I risultati sono stati sia di tipo qualitativo, perché siamo riusciti a ricostruire un profilo generale degli operatori vulnerabili del riutilizzo in Italia, e a comprendere le loro modalità di lavoro, che di tipo quantitativo, perché ora sappiamo che ogni singolo operatore, in media, reimmette in circolazione più di tre tonnellate di merci all’anno. In collaborazione con Rete ONU stiamo terminando di stimare quanti operatori compongano questo universo, ma sappiamo già che i volumi complessivi potrebbero essere molto alti, di sicuro superiori alle 150.000 tonnellate annue.

Come siete arrivati a questi dati? Quantificare i risultati di un’attività informale non deve essere facile: non ci sono registri, non c’è tracciatura di nulla…

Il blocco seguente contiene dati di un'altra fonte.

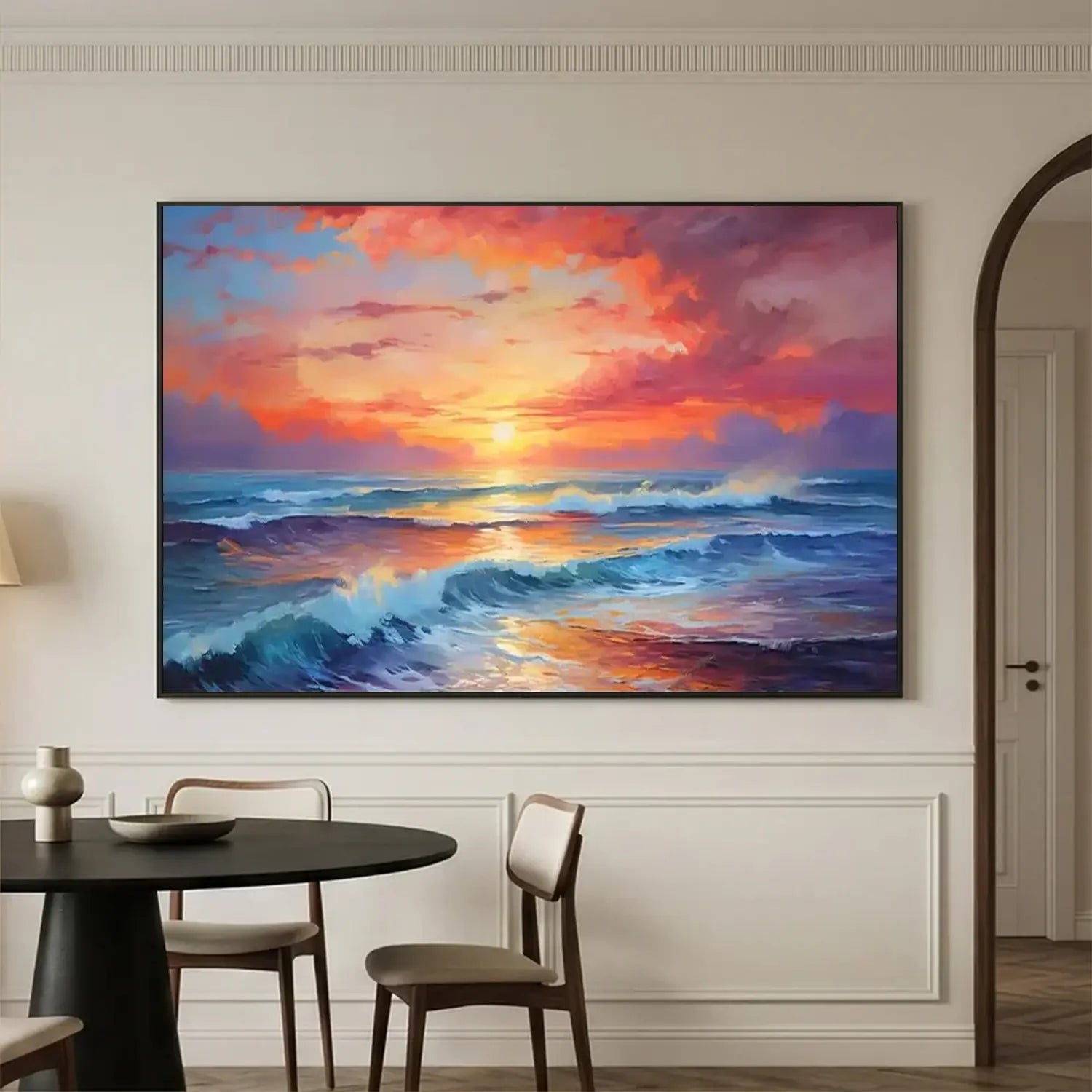 Colorful Ocean And Sky Textured Painting Canvas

Per costruire le nostre stime abbiamo utilizzato una metodologia sviluppata una ventina d’anni fa dall’Osservatorio del Riutilizzo (a quel tempo denominato Occhio del Riciclone, ndr), che finora era stata applicata, in modo puntuale e completo, solo sulla città di Roma nel 2008. Si tratta di una metodologia quali-quantitativa, dove a partire da un questionario flessibile di domande sull’attività economica dell’operatore, vengono ricostruiti uno per uno gli elementi microeconomici e di distribuzione del prezzo; a lato di questo, le merci vengono pesate per arrivare a una media di prezzo al kg, e poi, nuovamente a ritroso, si utilizza il dato economico per stimare il tonnellaggio annuo del riutilizzo. A corroborare la validità di questo approccio è il fatto che, a sedici anni di distanza dalla ricerca compiuta su Roma dall’Osservatorio del Riutilizzo, abbiamo ripetuto lo stesso tipo di analisi su Torino, Roma e Palermo arrivando a risultati sorprendentemente simili.




Come mai Saint Andrews ha deciso di studiare il fenomeno in Italia?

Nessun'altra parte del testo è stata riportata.